4. Deploy PPSS to all nodes
run ./ppss deploy -C config.cfg to deploy all files to all nodes. Make sure that all systems have a valid NFS mount for both the source and destination directory.
5. Start encoding!
run ./ppss start -C config.cfg to start the encoding process on all systems.
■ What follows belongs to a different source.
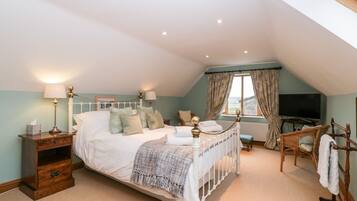 2 Schlafzimmer, individuell dekoriert, individuell eingerichtet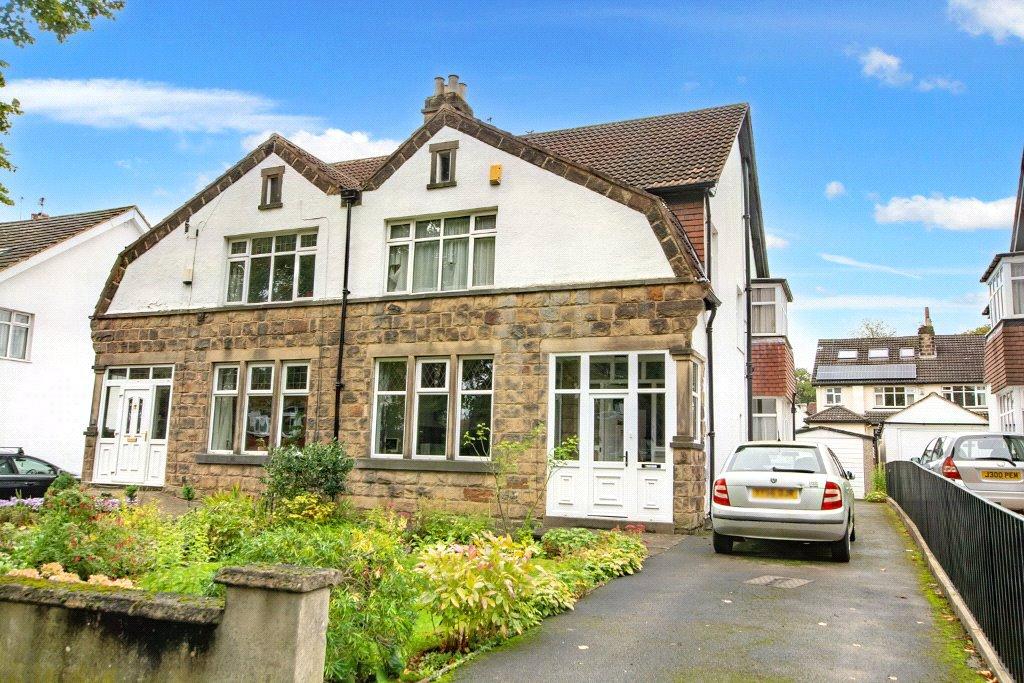St. Chads Avenue, Leeds, West Yorkshire 4 bed semidetached house for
run ./ppss status -C config.cfg to show the current status.
Code: Select all
Aug 06 03:07:51:
Aug 06 03:07:51: =========================================================
Aug 06 03:07:51: |P|P|S|S|
Aug 06 03:07:51: Distributed Parallel Processing Shell Script vers. 2.84
Aug 06 03:07:51: =========================================================
Aug 06 03:07:51: Hostname: Core-i7-Linux
Aug 06 03:07:51: ---------------------------------------------------------
Aug 06 03:07:51: CPU: Intel(R) Core(TM) i7 CPU 920 @ 2.67GHz
Aug 06 03:07:53: Status: 2 percent complete.
Aug 06 03:07:53: Nodes: 3
Aug 06 03:07:53: Items: 203
Aug 06 03:07:53: ---------------------------------------------------------
Aug 06 03:07:53: IP-address Hostname Processed Status
Aug 06 03:07:53: ---------------------------------------------------------
Aug 06 03:07:53: 192.168.0.10 Core-i7-Linux 3 RUNNING
Aug 06 03:07:55: 192.168.0.100 Storage 0 RUNNING
Aug 06 03:07:57: 192.168.0.101 iMac 0 RUNNING
Aug 06 03:07:57: ---------------------------------------------------------
Aug 06 03:07:57: Total processed: 3
Use top or htop or ps aux to determine if HandBrakeCLI is actually running on all hosts.